We are still trying to keep it alive, despite what some may think.
--
-Alan Coopersmith- alan.coopersmith@oracle.com
Oracle Solaris Platform Engineering: X Window System
^ permalink raw reply [flat|nested] 25+ messages in thread
* Re: [PATCH 3/3] drm: do not sleep on vblank while holding a mutex
2011-10-27 14:10 ` Alan Coopersmith
@ 2011-10-27 14:20 ` Ilija Hadzic
0 siblings, 0 replies; 25+ messages in thread
From: Ilija Hadzic @ 2011-10-27 14:20 UTC (permalink / raw)
To: Alan Coopersmith; +Cc: dri-devel
On Thu, 27 Oct 2011, Alan Coopersmith wrote:
>>
>> I think the idea of sharing kernel drm code is pretty much dead, yeah.
>
> We are still trying to keep it alive, despite what some may think.
>
In the context of this patch (in progress), it's probably a moot topic
because per comments that Daniel sent, most of the locks in
drm_vblank_wait will become unecessary after I rework the patch
and I won't need to introduce (new) DRM_WAIT_ON_LOCKED any more.
I will, however, *not* convert existing DRM_WAIT_ON to a Linux-centric
function, so I will not be the one to kill (or contribute to the killing
of) the portability of that file. That I leave to someone else ;-).
P.S. If the "fight" starts I will side with the "keep the portability
alive" camp. I have "emotional" ties with other (less widely used)
operating systems. ;-)
-- Ilija
^ permalink raw reply [flat|nested] 25+ messages in thread
* Re: [PATCH 3/3] drm: do not sleep on vblank while holding a mutex
2011-10-27 10:43 ` Daniel Vetter
2011-10-27 14:10 ` Alan Coopersmith
@ 2011-10-28 3:19 ` Ilija Hadzic
2011-10-28 4:36 ` Ilija Hadzic
` (2 more replies)
1 sibling, 3 replies; 25+ messages in thread
From: Ilija Hadzic @ 2011-10-28 3:19 UTC (permalink / raw)

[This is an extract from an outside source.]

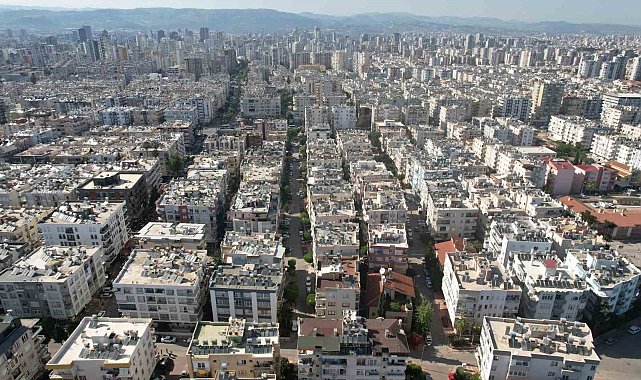 Mersin'de konut satışları düştü, vatandaşlar yaylalara göçe başladı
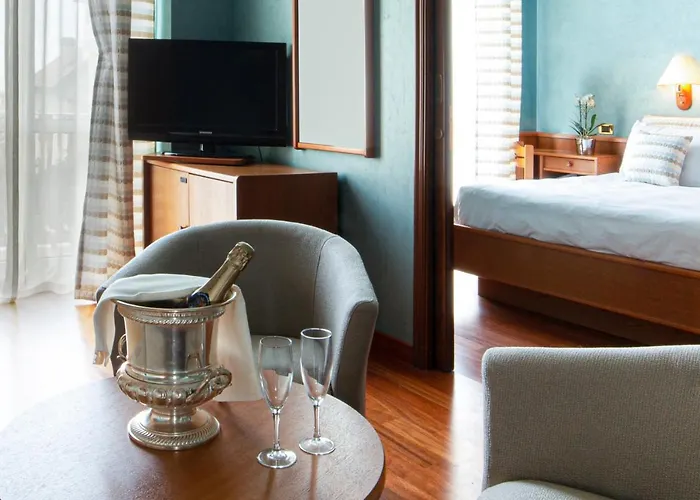 Elisa & Hotel Bordighera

To: Daniel Vetter; +Cc: dri-devel
On Thu, 27 Oct 2011, Daniel Vetter wrote:
>
> On a quick glance
> - drm_vblank functions call by wait_vblank seem to do correct locking
> already using various spinlocks and atomic ops.
> - linux waitqueues have their own locking
> - dev->last_vblank_wait is only used for a procfs file. I don't think it
> makes much sense given that we can have more than one vblank waiter
> - there's no selective wakeup going on, all waiters get woken for every
> vblank and call schedule again if it's not the right vblank
>
I concur.
> The only really hairy thing going on is racing modeset ioctls against
> vblank waiters. But modeset is protected by the dev->mode_config.mutex
> and hence already races against wait_vblank with the current code, so I'm
> slightly inclined to ignore this for the moment. Would be great if you
> coudl check that in-depth, too.
>
Will leave this for some other patch at some other time; the critical path
is to fix the hang/crawl that I explained in my previous note.
> So I think the right thing to do is
> - Kill dev->last_vblank_wait (in a prep patch).
Agreed. Also drm_vblank_info function can go away
> - Imo we also have a few too many atomic ops going on, e.g.
> dev->vblank_refcount looks like it's atomic only because or the procfs
> file, so maybe kill that procfs file entirely.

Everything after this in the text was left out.